European Union raids three Internet providers

The EU's investigative commission conducted raids on three telecom groups on suspicion of anti-trust violations 

Wolfgang Rattay/ Reuters/ File
The logo of Deutsche Telekom on the 'Colonia' TV tower in the western German city of Cologne. Deutsche Telekom was one of three telecom companies raided by the European Commission.

European Union officials on Thursday conducted raids on three telecommunications companies as part of ongoing anti-trust investigations.

The EU’s investigative branch, the European Commission, had concerns that the companies involved – Germany's Deutsche Telekom, France's Orange SA, and Spanish firm Telefonica – might have violated EU regulations that “prohibit the abuse of a dominant market position.”

Though the EC did not name the telecom companies involved in the investigation.

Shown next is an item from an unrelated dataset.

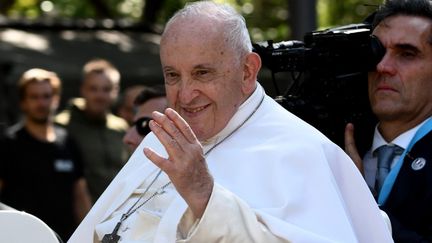 Pope Francis greets pilgrims, before mass at the Vélodrome stadium in Marseille, September 23, 2023. (CHRISTOPHE SIMON / AFP)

Deutsche Telekom and Orange SA both confirmed the raid in separate statements, and Reuters reported that Telefonica was also raided, citing a source familiar with the issue.

The three Internet companies act as conduits through which smaller content providers offer their services at the retail level.

‘This service is crucial for the functioning of the Internet,” the EC’s statement reads.

The raids were conducted in response to complaints by local regulator Cogent Communications Group Inc., a Washington-based Internet provider whose customers transfer use services of Deutsche Telekom, Orange SA, and Telefonica, according to Bloomberg. Cogent alleges that the European telecom companies don’t provide enough bandwidth to meet demand.

As part of these investigations, data and emails at the company’s Headquarters in Bonn were also seized, according to a statement released by Deutsche Telekom on Thursday.

“Deutsche Telekom is surprised by the initiation of further investigations by the Commission...since previous allegations have all turned out to be unfounded,” the statement reads.

The EC carries out these kinds of inspections as a preliminary step into investigating suspected anticompetitive practices, though such inspections “do not mean that the companies are guilty of anti-competitive behavior” nor do they “prejudge the outcome of the investigation itself.”

The companies could face fines amounting to 10 percent of their annual global sales. Deutsche Telekom, which includes the US firm T-Mobile, generated $76 billion (58 €) in revenue in 2012, according to the German news outlet, der Spiegel.

There is no deadline for inquiries into anti-competitive conduct in the European Union.